ABC News Online:

Alan Sunderland, Head of Policy, ABC News, writes: Re. “Rejuvenating journalism in a jaded age: Ballad of a Thin Man” (yesterday, item 15).”Mr Denmore” takes issue with ABC News Online’s coverage of the COAG Health meeting on the weekend, accusing us of lazy journalism by focussing on Opposition criticism of the Government to the exclusion of anything more balanced, thoughtful or insightful.

This latest contribution serves his well-worn thesis, but it doesn’t serve Crikey’s readers. It ignores the facts.

Yes, it is true that the ABC’s web page ran a story quoting Christopher Pyne attacking the Government’s plans. At one point on the weekend, it was the lead item.
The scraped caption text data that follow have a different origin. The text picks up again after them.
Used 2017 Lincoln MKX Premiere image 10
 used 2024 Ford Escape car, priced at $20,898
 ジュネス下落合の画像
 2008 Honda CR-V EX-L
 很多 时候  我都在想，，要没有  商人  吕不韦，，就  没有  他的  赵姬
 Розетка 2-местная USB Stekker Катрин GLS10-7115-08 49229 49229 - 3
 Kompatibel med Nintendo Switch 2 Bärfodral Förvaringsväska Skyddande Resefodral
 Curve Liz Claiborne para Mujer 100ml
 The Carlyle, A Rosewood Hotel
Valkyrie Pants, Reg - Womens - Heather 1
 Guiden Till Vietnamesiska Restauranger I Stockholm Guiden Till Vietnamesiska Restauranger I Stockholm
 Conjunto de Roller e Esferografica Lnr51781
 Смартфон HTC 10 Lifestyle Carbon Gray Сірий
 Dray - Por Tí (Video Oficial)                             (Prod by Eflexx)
If that’s all we’d done, I could understand the criticism.

But the piece followed an earlier equally prominent story quoting the Prime Minister and the Health Minister at length on their hopes for the meeting.

And what about the other three stories we ran on the Saturday previewing the meeting and quoting a range of sources extensively?

Or the other four stories we ran on Sunday before the meeting ended?

Or the story we filed late on Sunday night after the meeting was over?

Or the two expert opinion pieces published in The Drum in the weeks leading up to the meeting, dealing at length with the policy imperatives behind the politicking?

Or the material placed on line by the AM, PM, World Today and Lateline program teams on the Friday and Saturday before the meeting?

Or all the accompanying audio and video content?

Or the live streaming ABC NEWS 24 material available on the website, including the full press conference with unedited comments from the Prime Minister and the Premiers?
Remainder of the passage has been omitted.